The trio of men found their kids a handful. Hailing from the Philippines, Singapore and Malaysia, the three had to take care of their kids while their wives went on an all-expenses-paid vacation.
For Manila resident Kenneth, tasks that his wife Emerald made look mundane, like taking their 2-year-old daughter Briley to the dentist, proved a nightmare, while her 24-hour crying fits took a toll on him. His Singaporean and Malaysian counterparts, Christopher and Jason, fared no better. Christopher faced the daunting task of taking his three kids to business meetings and fine-dining restaurants, while Jason had to go through unfamiliar territory, namely a children’s playground.
The three are among the contestants on the Lifetime Channel’s new reality show, “Mom’s Time Out.” Set to premiere on Aug. 28, the show is nothing less than a social experiment that sets out to turn the Asian notion of nuclear families on its head.
“The show takes on a certain structure. The Singaporean contestant Christopher has three kids, Jason from Malaysia has two, while Kenneth has one child,” says Hazel Yap, the marketing and communications director for the Asia Pacific office of the Arts and Entertainment Networks, the parent company of the Lifetime Channel as well as other channels like History, Bio and Crime and Investigation.
“We also try to highlight their diversity by showing them to be from different walks of life. But overall, the show reflects the family values that remained at the core of our programs,” Yap says.
“Mom’s Time Out” is one of a number of new shows that A&E has rolled out for cable viewers throughout Southeast Asia. The History Channel is set to offer up a second season of “Ride and Seek,” an adventure reality show that sees American biker Jaime Dempsey explore Sarawak, the Malaysian side of Borneo, on her bike. Set to premiere on Aug. 18, the show sees Dempsey explore caves used by the Japanese Army in World War II, spar with Malaysian MMA fighter Ann “Athena” Osman, and pay homage to the dead at an Iban tribe longhouse.
“The show is in line with the History Channel’s vision of raising public awareness of their world through entertaining programs,” says A&E Asia Networks marketing and communications manager Geraldine Kong.
“There is a possibility that the show could extend to Indonesia, but we don’t know when just yet,” she adds.
“We will still reach out to Indonesian viewers through our Twitter account, @History_IDN. But for the most part, we are still sounding out the Indonesian market, trying out to find what appeals to the local market and understanding the local countries’ content. This is imperative as Indonesia is our biggest market in the region, as well as its most diverse and complex.”
One upcoming show that does cater specifically to the Indonesian audience is “Photo Face-Off.” Set to premiere on Sept. 23, the show features aspiring Indonesian photographer Willy Lesmana among a field of contestants from around Southeast Asia trying to land a lucrative job to photo celebrities in New York.

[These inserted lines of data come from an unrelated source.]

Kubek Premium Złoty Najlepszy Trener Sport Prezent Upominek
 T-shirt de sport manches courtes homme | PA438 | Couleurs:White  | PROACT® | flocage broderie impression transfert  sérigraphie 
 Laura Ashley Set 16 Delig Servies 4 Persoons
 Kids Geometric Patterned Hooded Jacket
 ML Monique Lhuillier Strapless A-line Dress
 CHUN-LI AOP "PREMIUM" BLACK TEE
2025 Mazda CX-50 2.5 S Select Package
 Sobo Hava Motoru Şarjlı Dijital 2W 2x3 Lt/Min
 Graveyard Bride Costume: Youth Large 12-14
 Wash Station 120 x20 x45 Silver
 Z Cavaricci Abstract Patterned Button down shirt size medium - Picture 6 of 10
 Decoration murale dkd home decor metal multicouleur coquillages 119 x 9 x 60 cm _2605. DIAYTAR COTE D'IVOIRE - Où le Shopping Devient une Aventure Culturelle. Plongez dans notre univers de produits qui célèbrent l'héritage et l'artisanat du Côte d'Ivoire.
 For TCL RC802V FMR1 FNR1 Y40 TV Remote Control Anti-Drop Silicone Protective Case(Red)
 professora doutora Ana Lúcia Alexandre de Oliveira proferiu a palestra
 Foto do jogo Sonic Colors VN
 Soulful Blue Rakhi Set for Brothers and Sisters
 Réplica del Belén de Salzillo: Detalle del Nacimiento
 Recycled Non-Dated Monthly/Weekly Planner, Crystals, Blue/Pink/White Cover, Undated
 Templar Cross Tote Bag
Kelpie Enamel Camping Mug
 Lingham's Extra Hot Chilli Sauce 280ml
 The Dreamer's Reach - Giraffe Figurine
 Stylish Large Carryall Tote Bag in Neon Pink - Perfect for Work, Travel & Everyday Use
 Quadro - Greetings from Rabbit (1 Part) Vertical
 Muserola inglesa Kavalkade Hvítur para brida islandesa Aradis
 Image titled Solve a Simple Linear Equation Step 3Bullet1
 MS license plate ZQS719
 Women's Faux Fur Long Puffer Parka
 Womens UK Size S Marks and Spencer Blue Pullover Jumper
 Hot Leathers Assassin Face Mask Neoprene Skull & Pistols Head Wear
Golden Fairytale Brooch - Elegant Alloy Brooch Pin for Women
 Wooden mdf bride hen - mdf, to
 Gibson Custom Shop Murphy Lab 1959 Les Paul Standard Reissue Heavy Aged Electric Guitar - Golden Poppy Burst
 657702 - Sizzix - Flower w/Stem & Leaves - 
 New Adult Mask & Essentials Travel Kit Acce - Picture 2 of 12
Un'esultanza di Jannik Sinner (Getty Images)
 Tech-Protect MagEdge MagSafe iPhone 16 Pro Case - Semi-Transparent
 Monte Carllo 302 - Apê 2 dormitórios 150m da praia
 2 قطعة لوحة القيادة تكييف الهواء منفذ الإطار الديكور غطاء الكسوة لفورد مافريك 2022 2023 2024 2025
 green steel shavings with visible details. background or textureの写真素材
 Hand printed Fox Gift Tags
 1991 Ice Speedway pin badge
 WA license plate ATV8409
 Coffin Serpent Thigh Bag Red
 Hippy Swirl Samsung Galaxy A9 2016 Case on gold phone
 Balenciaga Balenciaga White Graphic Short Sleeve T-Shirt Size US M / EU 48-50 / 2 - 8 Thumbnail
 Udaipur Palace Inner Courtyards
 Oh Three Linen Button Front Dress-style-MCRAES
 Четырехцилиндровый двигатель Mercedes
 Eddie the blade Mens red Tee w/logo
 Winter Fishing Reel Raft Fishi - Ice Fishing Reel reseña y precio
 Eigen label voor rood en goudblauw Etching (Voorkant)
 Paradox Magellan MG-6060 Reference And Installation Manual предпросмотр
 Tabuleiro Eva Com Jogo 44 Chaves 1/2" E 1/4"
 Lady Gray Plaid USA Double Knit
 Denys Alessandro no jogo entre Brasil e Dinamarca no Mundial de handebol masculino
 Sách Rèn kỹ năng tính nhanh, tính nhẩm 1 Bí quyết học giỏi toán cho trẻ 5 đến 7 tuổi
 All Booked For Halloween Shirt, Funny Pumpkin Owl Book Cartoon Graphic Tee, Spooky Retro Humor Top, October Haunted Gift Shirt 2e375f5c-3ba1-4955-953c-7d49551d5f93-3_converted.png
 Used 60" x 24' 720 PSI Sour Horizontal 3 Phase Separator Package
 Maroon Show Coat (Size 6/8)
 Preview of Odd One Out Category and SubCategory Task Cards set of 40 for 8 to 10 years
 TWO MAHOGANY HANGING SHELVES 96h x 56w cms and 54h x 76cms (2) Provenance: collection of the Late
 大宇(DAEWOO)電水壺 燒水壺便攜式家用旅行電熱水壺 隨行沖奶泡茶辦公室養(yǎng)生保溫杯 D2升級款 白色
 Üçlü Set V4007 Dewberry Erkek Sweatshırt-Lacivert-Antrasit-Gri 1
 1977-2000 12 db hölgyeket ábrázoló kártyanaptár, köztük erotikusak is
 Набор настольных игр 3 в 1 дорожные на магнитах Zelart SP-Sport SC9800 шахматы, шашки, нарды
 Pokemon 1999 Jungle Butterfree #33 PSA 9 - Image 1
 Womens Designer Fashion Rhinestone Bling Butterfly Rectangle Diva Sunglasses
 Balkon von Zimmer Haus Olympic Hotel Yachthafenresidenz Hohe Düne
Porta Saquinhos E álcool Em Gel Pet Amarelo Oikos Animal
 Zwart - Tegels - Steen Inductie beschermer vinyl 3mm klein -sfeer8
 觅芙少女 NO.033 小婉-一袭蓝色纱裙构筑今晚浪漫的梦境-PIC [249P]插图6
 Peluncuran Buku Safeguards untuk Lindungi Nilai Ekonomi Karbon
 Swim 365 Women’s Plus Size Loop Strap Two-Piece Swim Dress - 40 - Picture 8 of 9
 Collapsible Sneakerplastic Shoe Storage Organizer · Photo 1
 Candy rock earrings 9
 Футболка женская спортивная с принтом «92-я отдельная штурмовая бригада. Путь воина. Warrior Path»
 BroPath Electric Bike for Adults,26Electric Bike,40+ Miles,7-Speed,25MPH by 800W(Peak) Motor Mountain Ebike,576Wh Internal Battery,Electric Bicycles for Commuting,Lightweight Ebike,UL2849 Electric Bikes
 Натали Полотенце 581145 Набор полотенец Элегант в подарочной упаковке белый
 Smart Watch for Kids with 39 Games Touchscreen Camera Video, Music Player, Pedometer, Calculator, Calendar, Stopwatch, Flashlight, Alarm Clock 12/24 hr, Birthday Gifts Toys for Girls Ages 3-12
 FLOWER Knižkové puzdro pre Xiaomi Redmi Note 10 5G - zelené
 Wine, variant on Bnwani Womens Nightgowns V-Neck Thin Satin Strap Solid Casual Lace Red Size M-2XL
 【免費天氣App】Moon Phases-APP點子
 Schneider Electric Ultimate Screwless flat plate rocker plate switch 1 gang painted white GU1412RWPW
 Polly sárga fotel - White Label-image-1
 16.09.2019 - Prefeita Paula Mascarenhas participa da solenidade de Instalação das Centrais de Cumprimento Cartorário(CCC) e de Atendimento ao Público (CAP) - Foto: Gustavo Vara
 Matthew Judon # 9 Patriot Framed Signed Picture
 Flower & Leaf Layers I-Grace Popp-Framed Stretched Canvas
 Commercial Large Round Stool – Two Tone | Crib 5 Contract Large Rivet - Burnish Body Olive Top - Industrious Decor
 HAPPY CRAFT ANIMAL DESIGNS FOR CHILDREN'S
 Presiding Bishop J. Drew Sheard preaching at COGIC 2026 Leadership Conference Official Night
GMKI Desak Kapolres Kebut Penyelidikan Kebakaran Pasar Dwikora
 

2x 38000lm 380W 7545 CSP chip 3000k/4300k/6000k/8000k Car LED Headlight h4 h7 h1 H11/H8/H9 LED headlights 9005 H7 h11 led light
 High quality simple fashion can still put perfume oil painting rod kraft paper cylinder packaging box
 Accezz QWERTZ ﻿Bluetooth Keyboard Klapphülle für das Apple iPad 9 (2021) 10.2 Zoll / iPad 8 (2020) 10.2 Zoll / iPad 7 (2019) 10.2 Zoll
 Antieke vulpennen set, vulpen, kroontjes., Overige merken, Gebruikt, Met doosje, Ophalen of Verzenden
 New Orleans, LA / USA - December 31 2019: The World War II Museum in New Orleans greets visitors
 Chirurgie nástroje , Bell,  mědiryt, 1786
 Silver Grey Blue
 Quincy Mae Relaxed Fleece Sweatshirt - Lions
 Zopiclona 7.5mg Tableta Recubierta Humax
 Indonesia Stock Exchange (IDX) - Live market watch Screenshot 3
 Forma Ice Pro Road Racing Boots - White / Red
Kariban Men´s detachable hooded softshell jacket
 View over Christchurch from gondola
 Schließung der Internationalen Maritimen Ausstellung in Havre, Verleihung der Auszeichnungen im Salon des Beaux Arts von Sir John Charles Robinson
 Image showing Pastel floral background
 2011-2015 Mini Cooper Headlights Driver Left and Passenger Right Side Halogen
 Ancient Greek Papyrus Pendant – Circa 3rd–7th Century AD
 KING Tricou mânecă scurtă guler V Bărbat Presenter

“‘Photo Face-Off’ is the biggest local production yet made by the History Channel,” Kong says.
“The photographers will have to face three challenges — speed, theme and extreme — before they can land the contract. They will be pushed to the limits of their resourcefulness and skills by their judge, photographer Justin Mott, just to see if they have what it takes to win.”
Other Southeast Asian-geared shows include “My Mosque,” which centers on a mosque in a Malaysian town and highlights local beliefs, culture and food.
A&E will also feature the original miniseries “Houdini” on the History Channel. Starring Oscar-winning actor Adrien Brody, the show takes on the legendary magician’s life and times. Lifetime will also have a film adaptation of the V.C. Andrews classic “Flowers in the Attic” and “Petals in the Wind,” which will premiere on Aug. 12 and Aug. 19 respectively. But regardless of whichever show you opt to watch, it’s not too much to say that you will be spoilt for choice.